Performing a Chain Analysis in Excel

Chain Analysis is the name I’ve given to the act of finding sequential, potentially related phone calls in phone records. The job is to identify if a particular number called a second number and if that second number called a third number within a specific time frame, say 10 minutes. I call these sequences of calls a chain and it can be used to identify whether someone might be issuing orders or instructions via third parties. The analysis can be done in Excel and while it involves some moderately-complicated Excel functions, once the spreadsheet is set up, subsequent analyses can be done easily.

Getting Started

To start, the first thing you need to do is arrange your data properly. In the screen shot below I have arranged some sample data where column A lists the calling number, column B lists the called number and column C lists the date and time of the call. In order for this technique to work properly it is important that the data set be sorted on the date time column.

For simplicity sake (and ease of reading) I’ve replaced the phone numbers with letters but really any string will work in the analysis.

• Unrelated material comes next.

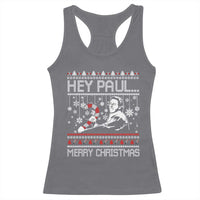 Funny Christmas Psycho Racerback Tank Top Hey Paul Merry Christmas Serrial Killer Movie - Wonder Print Shop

Likewise, I only have 7 rows of data but you can have a whole bunch more and the analysis will work just fine.

While we’ll need a few extra columns for functions there is no reason you can’t keep additional data in the rest of the columns. As long as you sort everything properly the rest of your information will tag along as you perform the analysis. Notice in the list that there are some chains that are easily identified without resorting to a function. Notice how, on row 3, AA calls CC and then CC calls DD a minute later. Similarly, on row 6, GG calls AA and then a minute later GG calls BB. This is also a chain to be identified. The trick now is to write a function that is able to flag these rows so that we don’t have to rely on picking them out manually.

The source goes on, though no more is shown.